*** Opening Material supplied ***
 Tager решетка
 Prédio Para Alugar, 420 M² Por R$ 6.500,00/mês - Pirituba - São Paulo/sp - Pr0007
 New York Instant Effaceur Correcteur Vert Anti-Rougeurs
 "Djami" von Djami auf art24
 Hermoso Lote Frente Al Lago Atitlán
*** Closing Material supplied ***
*** Opening Material supplied ***
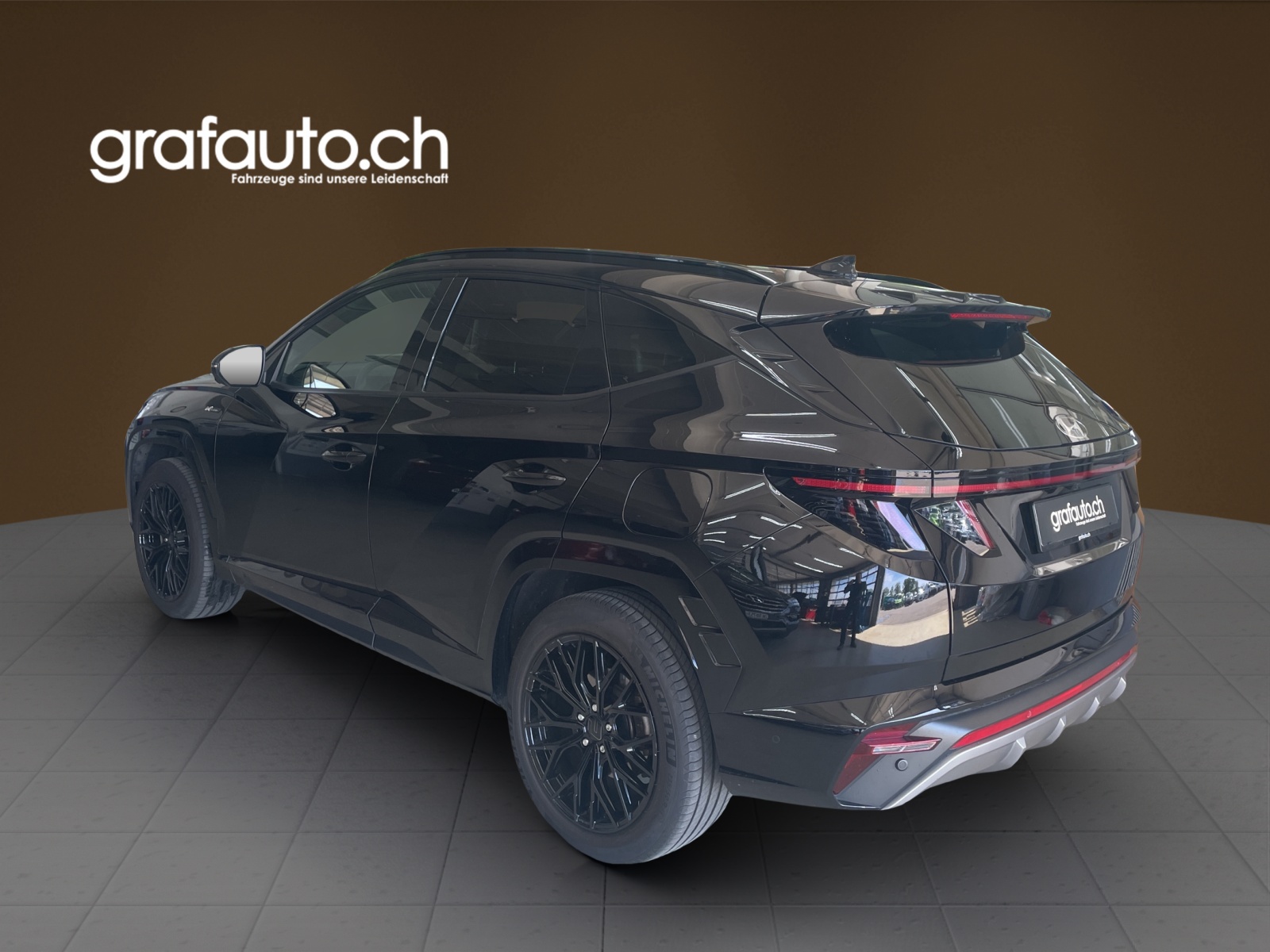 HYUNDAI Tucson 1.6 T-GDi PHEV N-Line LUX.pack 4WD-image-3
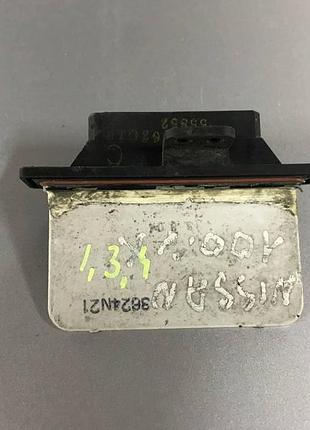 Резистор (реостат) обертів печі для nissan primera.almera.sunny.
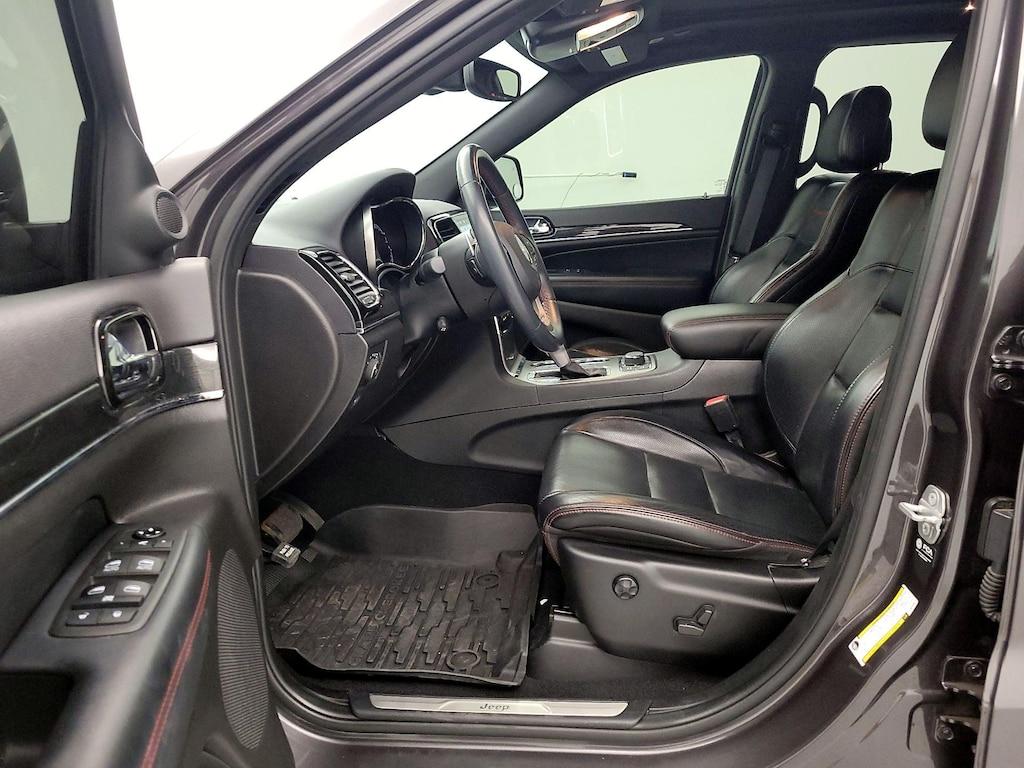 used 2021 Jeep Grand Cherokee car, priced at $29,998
*** Closing Material supplied ***
*** Opening Material supplied ***
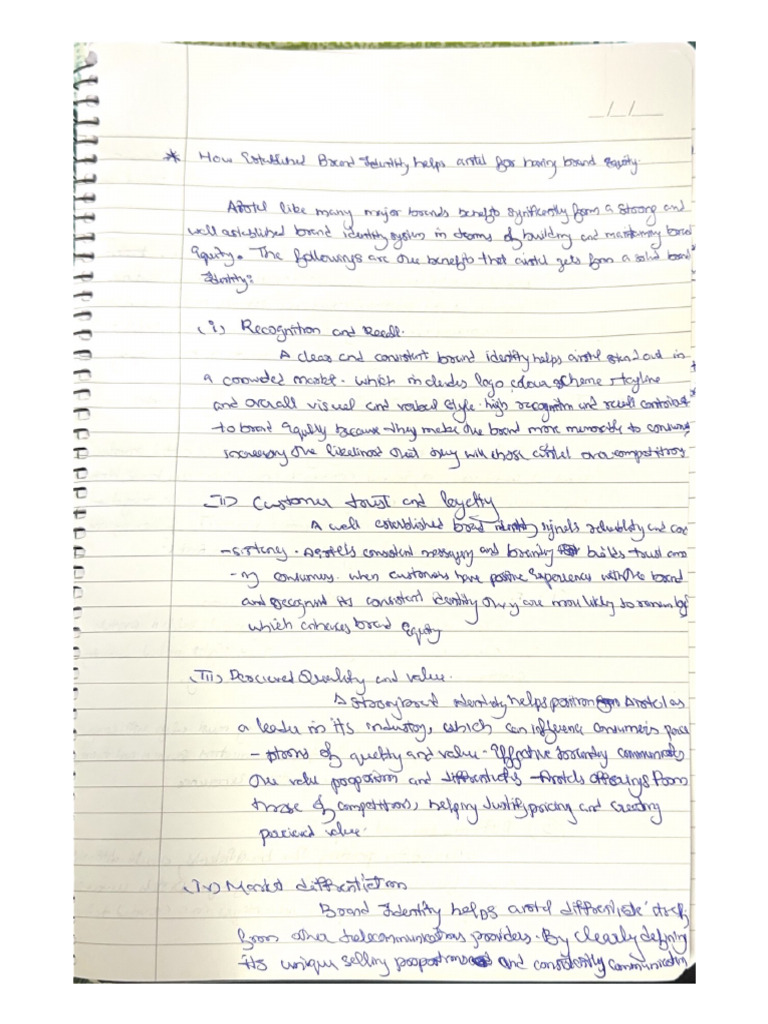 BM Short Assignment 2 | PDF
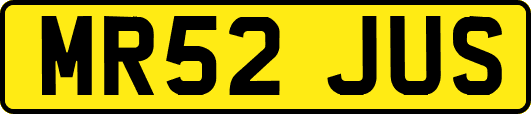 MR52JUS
*** Closing Material supplied ***
Beginning with the line above that contains "Tager решетка", copy each line exactly up to and including the line that contains "Hermoso Lote Frente Al Lago Atitlán", and go no further.

 Tager решетка
 Prédio Para Alugar, 420 M² Por R$ 6.500,00/mês - Pirituba - São Paulo/sp - Pr0007
 New York Instant Effaceur Correcteur Vert Anti-Rougeurs
 "Djami" von Djami auf art24
 Hermoso Lote Frente Al Lago Atitlán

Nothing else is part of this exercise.